Similarly, a client of mine who was struggling with sobriety would overcommit in work and at home and then ‘treat’ himself to a bottle of wine at the end of the day like it was the only thing he could do without it taking away or impacting on anyone else. Sadly this kind of self sabotage led to feelings of shame about why he couldn’t stop drinking which led to even more people pleasing and working even harder to try and feel better. A cycle many of us have been caught in.
On the face of it, people pleasing is a selfless and admirable act of kindness with the intent of making the other person(s) happy. In our current society it is often celebrated as a desirable personal characteristic. However, below the surface is often an internal battle between who we truly are and who we have been led to believe we should be. This division and disconnection from ourselves can manifest as a belief that we will be judged negatively or rejected if we put in boundaries or put our needs first.
Consequently we then feel guilty or like a bad person when we think about prioritising ourselves and so people pleasing takes on the role of a coping mechanism to avoid sitting with these uncomfortable emotions.

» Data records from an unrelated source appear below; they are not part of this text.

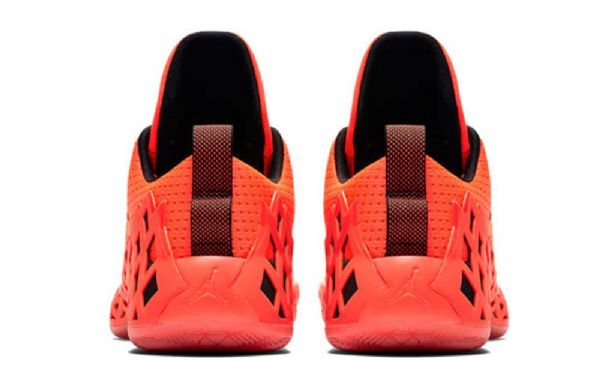 Nike Air Jordan Jumpman Diamond Low Toppe Sneakers Til Damer Orange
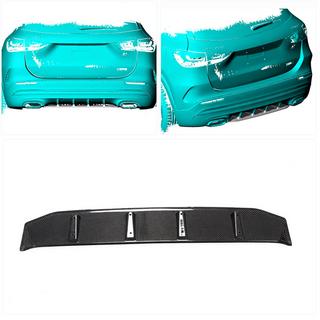 Rear Bumper Diffuser (for AMG-Line, Carbon) photo 2
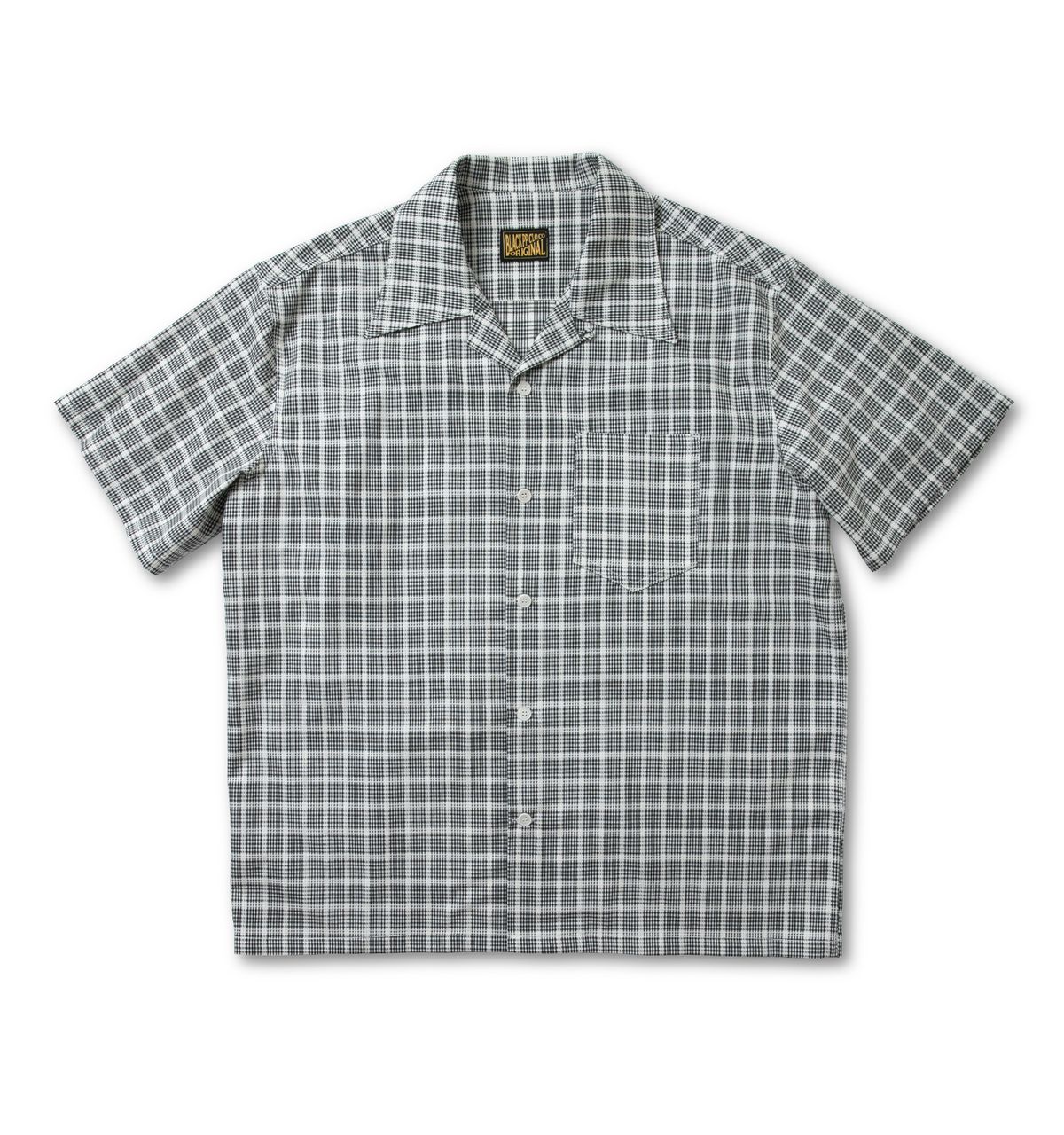블랙피피(BLACKPP) BLACK PP Gingham Windowpane Check Open Collar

Here is where I call you to find your courage and self compassion. Moving towards meeting our needs takes a great amount of courage, so go gently with yourself. Don’t push yourself too hard and treat each attempt like an experiment. If you don’t get it the first time, that’s ok. If you start off well and end up falling into old patterns, that is also ok. Be compassionate to the fact you are trying and trust the process.
I am going to quote another one of my clients here who developed his own approach to reduce the likelihood of falling into people pleasing, he called it the ‘Respond Don’t React’ practice. This simply meant stopping and pausing for a few seconds or more before responding to a request i.e. e-mails, texts, calls, favours. For him, just that small amount of time was incredibly valuable and greatly reduced the likelihood of spontaneous commitment.

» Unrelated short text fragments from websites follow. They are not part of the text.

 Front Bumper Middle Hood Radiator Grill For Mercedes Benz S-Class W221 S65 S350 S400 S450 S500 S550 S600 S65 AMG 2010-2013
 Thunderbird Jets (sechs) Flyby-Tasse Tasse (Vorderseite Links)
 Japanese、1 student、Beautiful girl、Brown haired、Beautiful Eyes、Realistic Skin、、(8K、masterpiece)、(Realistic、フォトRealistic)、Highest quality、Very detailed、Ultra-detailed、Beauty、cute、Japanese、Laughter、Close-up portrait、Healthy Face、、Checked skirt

In this moment of pause, it can be helpful to check in with yourself. Your body will be giving you cues as to what it needs and when we pause we are better placed to notice them and respond authentically. See if you can notice the following:
Physically: Do you notice any tension anywhere? Maybe a pressure in your head or discomfort in your gut?
Emotionally: What are you feeling? Is there resentment? Irritation? Anger? Numbness?
You can also ask yourself these questions:
Who or what am I doing this for?
What do I believe will happen if I put myself first?
Am I overwhelmed already?
What do I actually need right now?
It can be helpful to write these things down or maybe talk it over with someone you feel safe with.